【かなり懐かしい番組紹介】視聴者参加型クイズ番組の草分け「アップダウンクイズ」
それが、「アップダウンクイズ」です。
参加者6名がそれぞれ「ゴンドラ」と呼ばれる小さな箱の中に座る。
問題に正解するたびにゴンドラが1段ずつ(問題の内容によっては2段、3段)アップし、10問正解するとハワイ旅行と賞金10万円がプレゼントされる、というものでした。
ゴンドラの高さの凸凹が、笑点「大喜利」の座布団の多い少ないにも似て、ビジュアル的なインパクトにもなっていました。
海外旅行がまだ一般的でなかった時代。
ハワイ旅行は「夢物語」の代名詞でした。
また、番組開始当初の60年代前半といえば、大卒会社員の初任給が1万円台だった時代でもあります。
副賞「賞金10万円」はかなりの大金です。
番組のオープニングキャッチコピーは…
「ハワイへのご招待。10問正解して、さあ、ハワイへ行きましょう! ロート製薬がお送りするアップダウンクイズ、私は司会の小池清でございます」
それに続き、小池アナが 「問題を読むのは佐々木さんです」 と紹介。
そしてアシスタントの佐々木美絵が 「皆さん、こんばんは(お元気でいらっしゃいますか)。佐々木美絵です、どうぞよろしくお願いします」。
ここまでが、台本通り一字一句違わぬ、毎回お決まりのセリフでした。
問題は時事ネタが中心。
スペシャルクイズとして、
「シルエットクイズ」(有名人ゲストのシルエットとヒントで名前を当てる)
「目で見るクイズ」
「音楽クイズ」
などがありましたが、いずれも現在のバラエティーにあるような「ボケ」の要素は一切なしの「正統派」番組でした。

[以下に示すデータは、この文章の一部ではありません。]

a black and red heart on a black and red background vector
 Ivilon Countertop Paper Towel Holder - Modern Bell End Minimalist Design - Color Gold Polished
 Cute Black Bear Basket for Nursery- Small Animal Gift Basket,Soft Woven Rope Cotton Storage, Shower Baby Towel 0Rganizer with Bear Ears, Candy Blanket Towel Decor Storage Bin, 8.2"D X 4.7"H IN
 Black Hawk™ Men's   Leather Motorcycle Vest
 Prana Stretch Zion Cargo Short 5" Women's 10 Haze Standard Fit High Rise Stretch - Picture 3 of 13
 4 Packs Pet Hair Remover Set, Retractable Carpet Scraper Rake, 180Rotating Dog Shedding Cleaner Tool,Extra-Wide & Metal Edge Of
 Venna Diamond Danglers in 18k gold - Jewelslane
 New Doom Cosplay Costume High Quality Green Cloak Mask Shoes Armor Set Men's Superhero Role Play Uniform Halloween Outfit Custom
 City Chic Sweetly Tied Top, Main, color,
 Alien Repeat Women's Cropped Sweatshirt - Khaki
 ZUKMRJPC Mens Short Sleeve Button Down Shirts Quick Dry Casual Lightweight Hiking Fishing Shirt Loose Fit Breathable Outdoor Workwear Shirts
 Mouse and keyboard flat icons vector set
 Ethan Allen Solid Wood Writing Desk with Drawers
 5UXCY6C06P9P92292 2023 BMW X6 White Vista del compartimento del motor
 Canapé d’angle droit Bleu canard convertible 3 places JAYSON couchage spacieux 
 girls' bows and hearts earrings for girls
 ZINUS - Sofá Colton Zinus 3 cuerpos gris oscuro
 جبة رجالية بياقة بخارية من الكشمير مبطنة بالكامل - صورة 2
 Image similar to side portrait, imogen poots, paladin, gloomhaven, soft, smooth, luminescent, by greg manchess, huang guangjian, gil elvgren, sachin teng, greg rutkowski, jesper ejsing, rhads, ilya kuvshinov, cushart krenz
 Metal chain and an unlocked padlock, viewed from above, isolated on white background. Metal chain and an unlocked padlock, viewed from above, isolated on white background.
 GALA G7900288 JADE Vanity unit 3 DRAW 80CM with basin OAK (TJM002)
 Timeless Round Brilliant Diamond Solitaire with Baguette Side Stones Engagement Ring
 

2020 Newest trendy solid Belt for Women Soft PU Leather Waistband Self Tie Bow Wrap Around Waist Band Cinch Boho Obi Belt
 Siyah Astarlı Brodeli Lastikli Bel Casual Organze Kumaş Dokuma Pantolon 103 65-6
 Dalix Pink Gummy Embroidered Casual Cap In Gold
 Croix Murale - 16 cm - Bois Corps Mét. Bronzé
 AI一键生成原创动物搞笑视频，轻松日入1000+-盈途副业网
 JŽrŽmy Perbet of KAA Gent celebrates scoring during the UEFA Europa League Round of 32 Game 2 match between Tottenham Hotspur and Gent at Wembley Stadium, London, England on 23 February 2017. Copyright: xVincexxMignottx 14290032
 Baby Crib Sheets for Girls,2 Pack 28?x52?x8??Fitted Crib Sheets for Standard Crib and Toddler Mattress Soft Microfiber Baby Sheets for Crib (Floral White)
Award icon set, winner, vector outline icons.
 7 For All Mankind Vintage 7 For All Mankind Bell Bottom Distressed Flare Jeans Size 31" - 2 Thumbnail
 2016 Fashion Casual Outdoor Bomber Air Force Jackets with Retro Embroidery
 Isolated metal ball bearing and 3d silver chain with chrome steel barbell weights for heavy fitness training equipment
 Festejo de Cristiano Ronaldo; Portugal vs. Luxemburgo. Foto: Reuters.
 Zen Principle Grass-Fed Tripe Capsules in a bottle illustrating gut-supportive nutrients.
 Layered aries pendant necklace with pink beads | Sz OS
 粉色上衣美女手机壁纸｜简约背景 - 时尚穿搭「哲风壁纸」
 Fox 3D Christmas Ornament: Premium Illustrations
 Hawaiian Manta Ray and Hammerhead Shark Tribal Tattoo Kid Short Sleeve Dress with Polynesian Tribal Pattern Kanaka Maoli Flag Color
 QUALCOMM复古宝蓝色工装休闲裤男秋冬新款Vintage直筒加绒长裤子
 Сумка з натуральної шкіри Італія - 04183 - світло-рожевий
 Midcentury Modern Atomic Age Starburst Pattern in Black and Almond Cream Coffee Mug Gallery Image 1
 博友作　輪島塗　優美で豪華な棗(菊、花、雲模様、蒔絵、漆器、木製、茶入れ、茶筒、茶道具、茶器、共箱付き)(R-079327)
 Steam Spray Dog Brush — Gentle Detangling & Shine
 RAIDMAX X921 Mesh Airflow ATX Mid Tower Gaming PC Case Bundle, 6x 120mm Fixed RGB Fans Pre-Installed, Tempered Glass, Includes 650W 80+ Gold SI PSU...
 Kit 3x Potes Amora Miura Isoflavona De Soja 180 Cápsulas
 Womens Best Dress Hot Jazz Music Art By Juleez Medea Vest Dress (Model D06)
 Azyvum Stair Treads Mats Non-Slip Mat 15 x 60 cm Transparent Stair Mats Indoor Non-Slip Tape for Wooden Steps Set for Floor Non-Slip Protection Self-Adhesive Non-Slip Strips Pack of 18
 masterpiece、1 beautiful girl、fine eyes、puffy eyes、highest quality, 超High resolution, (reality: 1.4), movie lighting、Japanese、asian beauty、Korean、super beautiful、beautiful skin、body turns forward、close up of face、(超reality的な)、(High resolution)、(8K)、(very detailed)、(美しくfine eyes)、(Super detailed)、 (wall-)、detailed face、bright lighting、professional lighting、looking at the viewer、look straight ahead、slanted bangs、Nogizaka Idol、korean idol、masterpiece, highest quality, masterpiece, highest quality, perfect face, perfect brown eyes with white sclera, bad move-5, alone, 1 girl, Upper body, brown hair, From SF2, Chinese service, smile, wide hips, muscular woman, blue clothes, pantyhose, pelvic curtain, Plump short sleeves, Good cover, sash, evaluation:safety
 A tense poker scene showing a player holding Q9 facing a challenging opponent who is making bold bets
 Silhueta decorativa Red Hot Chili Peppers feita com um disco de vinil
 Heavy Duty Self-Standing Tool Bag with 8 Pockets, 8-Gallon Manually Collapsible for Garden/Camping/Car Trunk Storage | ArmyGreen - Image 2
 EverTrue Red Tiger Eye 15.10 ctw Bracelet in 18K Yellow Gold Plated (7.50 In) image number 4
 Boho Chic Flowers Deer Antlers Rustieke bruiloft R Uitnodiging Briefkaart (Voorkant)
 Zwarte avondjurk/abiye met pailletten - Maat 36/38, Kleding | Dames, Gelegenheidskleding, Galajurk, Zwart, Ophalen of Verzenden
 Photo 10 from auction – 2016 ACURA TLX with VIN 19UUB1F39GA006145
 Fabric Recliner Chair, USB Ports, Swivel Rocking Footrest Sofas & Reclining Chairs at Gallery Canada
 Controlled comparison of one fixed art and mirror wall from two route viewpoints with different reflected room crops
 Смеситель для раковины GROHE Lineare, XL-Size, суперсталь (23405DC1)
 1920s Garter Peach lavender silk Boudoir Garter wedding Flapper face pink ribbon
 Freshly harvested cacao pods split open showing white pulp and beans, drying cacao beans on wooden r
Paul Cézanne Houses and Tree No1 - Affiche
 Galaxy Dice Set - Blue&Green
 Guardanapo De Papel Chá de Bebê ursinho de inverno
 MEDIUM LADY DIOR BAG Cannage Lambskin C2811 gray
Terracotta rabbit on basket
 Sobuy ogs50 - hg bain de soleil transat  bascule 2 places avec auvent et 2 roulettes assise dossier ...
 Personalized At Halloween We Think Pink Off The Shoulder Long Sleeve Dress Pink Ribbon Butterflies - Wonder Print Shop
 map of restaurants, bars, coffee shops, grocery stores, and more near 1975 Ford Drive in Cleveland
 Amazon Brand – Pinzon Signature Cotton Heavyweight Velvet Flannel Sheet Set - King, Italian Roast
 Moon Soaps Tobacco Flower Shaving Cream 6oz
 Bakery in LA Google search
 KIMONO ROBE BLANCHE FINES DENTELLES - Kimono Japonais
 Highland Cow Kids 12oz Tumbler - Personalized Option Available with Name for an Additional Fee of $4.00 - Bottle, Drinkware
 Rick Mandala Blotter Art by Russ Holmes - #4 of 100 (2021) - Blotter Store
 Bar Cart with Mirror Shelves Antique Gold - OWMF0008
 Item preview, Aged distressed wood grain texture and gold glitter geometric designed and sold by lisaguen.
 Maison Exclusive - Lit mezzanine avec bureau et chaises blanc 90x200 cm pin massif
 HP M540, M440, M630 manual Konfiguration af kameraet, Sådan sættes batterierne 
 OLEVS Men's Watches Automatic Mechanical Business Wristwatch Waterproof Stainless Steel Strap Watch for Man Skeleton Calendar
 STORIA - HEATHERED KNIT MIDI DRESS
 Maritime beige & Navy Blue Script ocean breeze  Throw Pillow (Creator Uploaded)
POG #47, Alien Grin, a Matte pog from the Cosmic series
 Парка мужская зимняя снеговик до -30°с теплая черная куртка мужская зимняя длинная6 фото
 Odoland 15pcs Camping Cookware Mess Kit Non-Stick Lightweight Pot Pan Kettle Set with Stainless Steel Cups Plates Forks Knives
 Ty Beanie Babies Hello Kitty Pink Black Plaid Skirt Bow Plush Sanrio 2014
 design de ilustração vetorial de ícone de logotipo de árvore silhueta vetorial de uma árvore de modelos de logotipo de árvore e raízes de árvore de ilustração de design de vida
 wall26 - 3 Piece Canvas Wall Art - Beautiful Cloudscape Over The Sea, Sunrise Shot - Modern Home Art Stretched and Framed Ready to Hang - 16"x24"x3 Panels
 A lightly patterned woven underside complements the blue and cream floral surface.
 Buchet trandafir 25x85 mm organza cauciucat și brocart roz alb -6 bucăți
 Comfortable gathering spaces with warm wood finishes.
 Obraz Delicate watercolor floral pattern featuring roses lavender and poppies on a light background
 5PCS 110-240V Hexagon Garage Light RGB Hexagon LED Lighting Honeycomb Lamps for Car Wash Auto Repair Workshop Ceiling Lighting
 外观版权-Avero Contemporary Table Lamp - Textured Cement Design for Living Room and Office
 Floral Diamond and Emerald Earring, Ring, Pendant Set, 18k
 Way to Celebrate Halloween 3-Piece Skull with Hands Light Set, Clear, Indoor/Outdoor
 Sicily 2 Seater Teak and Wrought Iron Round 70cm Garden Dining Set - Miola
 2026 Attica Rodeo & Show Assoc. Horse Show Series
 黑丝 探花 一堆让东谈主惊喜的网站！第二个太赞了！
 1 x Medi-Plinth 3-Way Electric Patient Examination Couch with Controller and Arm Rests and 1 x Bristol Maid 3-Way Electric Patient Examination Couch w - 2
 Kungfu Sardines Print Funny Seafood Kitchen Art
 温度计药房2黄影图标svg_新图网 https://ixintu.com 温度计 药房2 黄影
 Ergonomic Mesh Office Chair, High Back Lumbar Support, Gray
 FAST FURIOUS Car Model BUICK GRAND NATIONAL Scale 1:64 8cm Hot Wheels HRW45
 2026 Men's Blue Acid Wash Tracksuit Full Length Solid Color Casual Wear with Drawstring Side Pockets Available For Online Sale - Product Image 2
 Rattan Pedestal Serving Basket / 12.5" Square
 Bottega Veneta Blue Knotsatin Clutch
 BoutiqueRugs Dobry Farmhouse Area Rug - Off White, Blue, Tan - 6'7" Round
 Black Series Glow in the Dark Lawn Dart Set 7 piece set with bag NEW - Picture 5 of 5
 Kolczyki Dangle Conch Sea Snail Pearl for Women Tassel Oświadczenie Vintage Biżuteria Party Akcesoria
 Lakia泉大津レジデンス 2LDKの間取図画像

かつ、かなりの難問が多く、夢のハワイ旅行のかかったまさに「真剣勝負」でした。
また、不正解が2度になるとゴンドラを出て「失格者席」に座らされ、他の回答者が誰も答えられなかった場合のみ回答権が回ってきて、それに正解して初めてゴンドラに戻れる、という厳しいルールもありました。
この番組で、一番ドラマチックだった場面。
それは、その時のゴンドラの位置がどこであろうと、たとえ9問まで正解し「あと1問でゴール」となった時でも、間違えるとゴンドラが一気にゼロまで落ちてしまう、というもの。
時間の限られている「早押し」方式ですから、回答者はみんな焦る。
焦るがゆえに、この「9問⇒ゼロ」のシーンがけっこう頻発するのです。
本人はもちろん、スタジオの観客席からも、思わず「あ~~!」とため息が出てしまう瞬間でした。
当時は「クイズ・グランプリ」や「タイムショック」など、一般視聴者参加型の「おふざけでない本当の」クイズ番組が華やかな時代でした。
現在そうしたスタイルを守りながら、レギュラーで生き残っているのは「アタック25」ぐらいでしょうか。
テレビを見ながら、一緒になって一般知識を考える「頭の体操」的な番組が少なくなって、ちょっと寂しい気もします。
この画像は、スペシャルで芸能人が回答者になっている回です。
ちなみに、シルエットクイズで出場している「佐藤寛子」とは、佐藤栄作元首相夫人です。
10問正解した立川談志の「心からうれしいのか、ガラにもなく緊張しているのか、恐縮しているのか」わからない表情が、なんとも印象的です。